**PROBLEM TO WORK ON:**
Although the records contain pictures, none belong in the copy: restate word for word only the lines from the one with "Disc 2 icon preview" through the one with "MICHAEL KORS WOMEN'S WATCH MK6057", both included.

**SOURCE MATERIAL:**
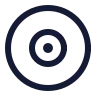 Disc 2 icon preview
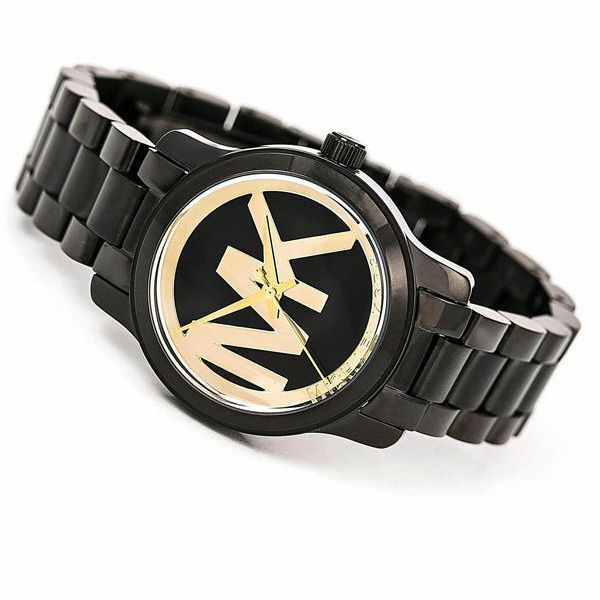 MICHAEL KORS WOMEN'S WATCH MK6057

---

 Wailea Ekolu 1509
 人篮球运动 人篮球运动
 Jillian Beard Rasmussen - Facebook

* * *

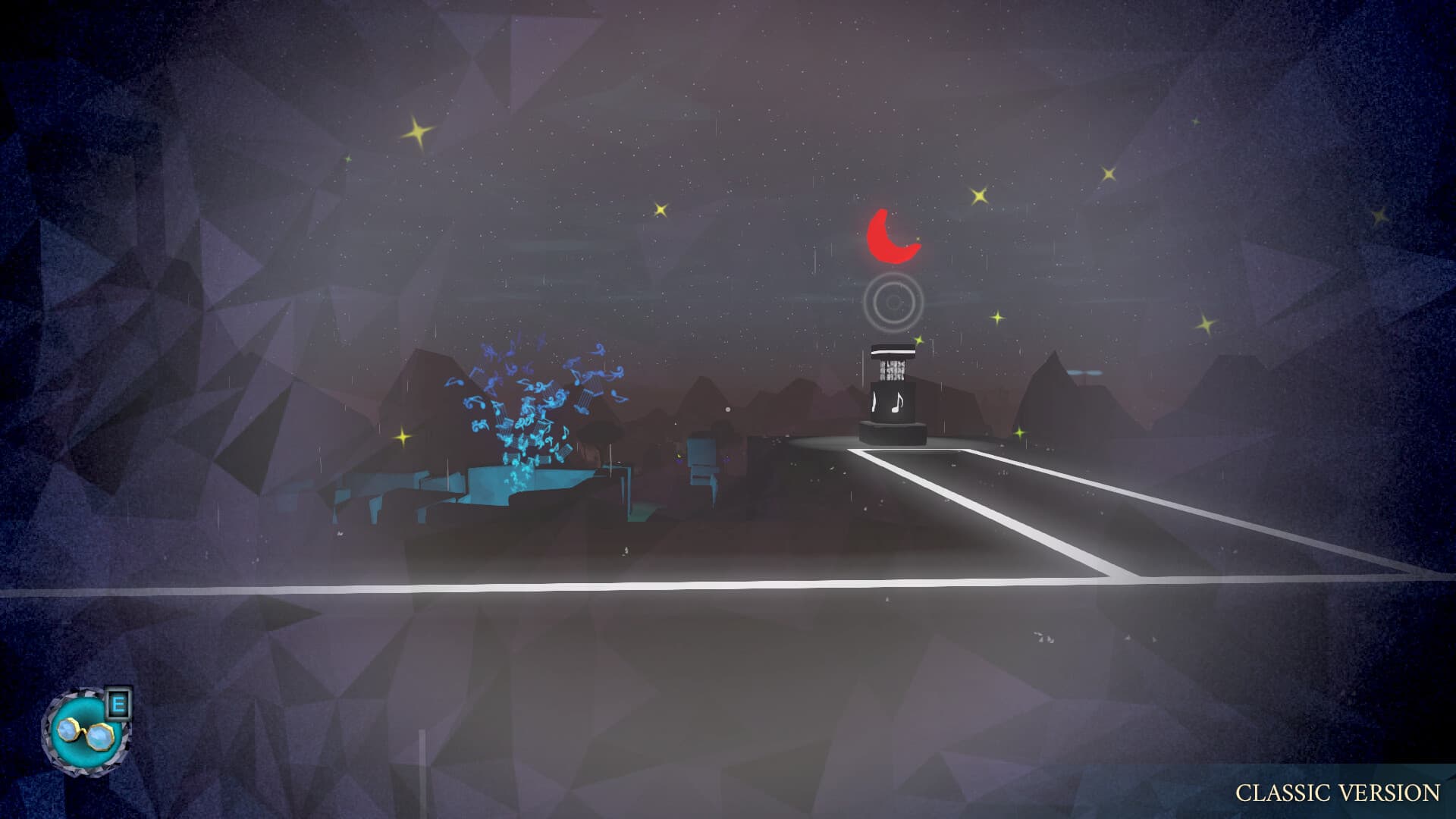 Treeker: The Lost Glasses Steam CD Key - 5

**EXERCISE ANSWER:**
 Disc 2 icon preview
 MICHAEL KORS WOMEN'S WATCH MK6057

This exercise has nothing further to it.